* _What to work on_: Copy the data exactly, pictures aside.

* _Data segment_:
+--

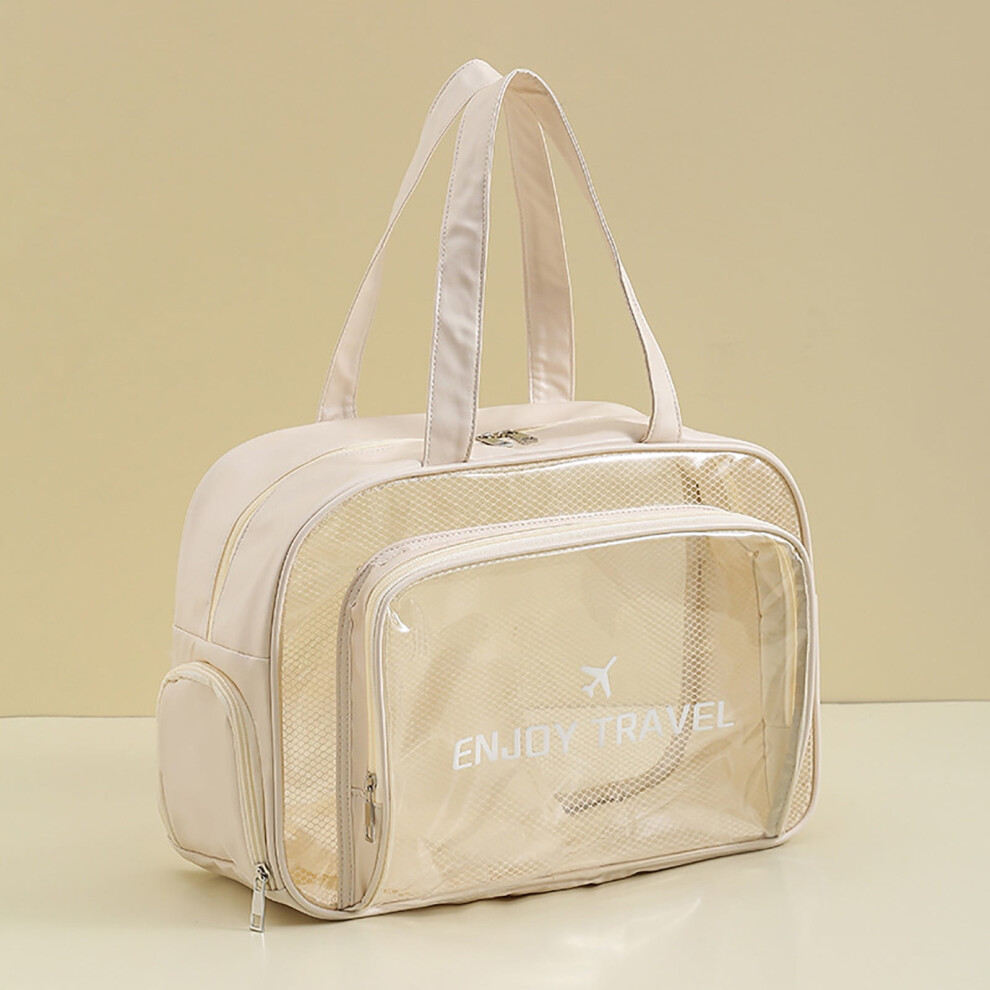 Quinlirra Transparent PVC Wet Dry Wash Bag Cosmetic Bag Large Capacity Beach Bag Deals Of The Day Clearance Gifts For Womem/Men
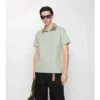 Camisas de algodón con cuello a cuadros Camisas de algodón con cuello a cuadros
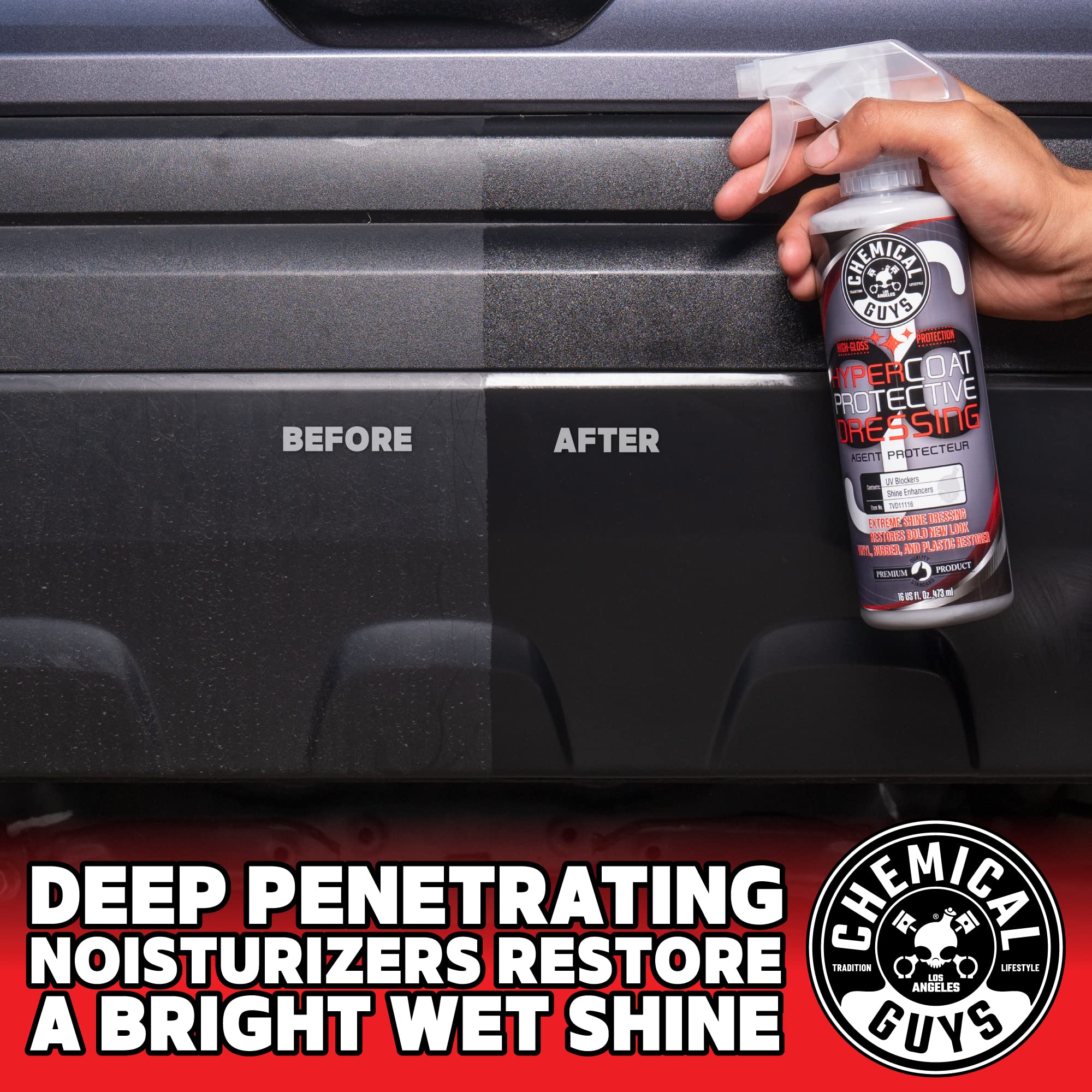 Chemical Guys G6 TVD111 HyperCoat High Gloss Coating Protectant Sprayable Dressing (Works on Vinyl, Rubber, Plastic, Tires and Trim) Safe for Cars, Trucks, Motorcycles, RVs & More, 128 fl oz (1 Gal)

+--

* _Exercise answer_:
 Quinlirra Transparent PVC Wet Dry Wash Bag Cosmetic Bag Large Capacity Beach Bag Deals Of The Day Clearance Gifts For Womem/Men
 Camisas de algodón con cuello a cuadros Camisas de algodón con cuello a cuadros
 Chemical Guys G6 TVD111 HyperCoat High Gloss Coating Protectant Sprayable Dressing (Works on Vinyl, Rubber, Plastic, Tires and Trim) Safe for Cars, Trucks, Motorcycles, RVs & More, 128 fl oz (1 Gal)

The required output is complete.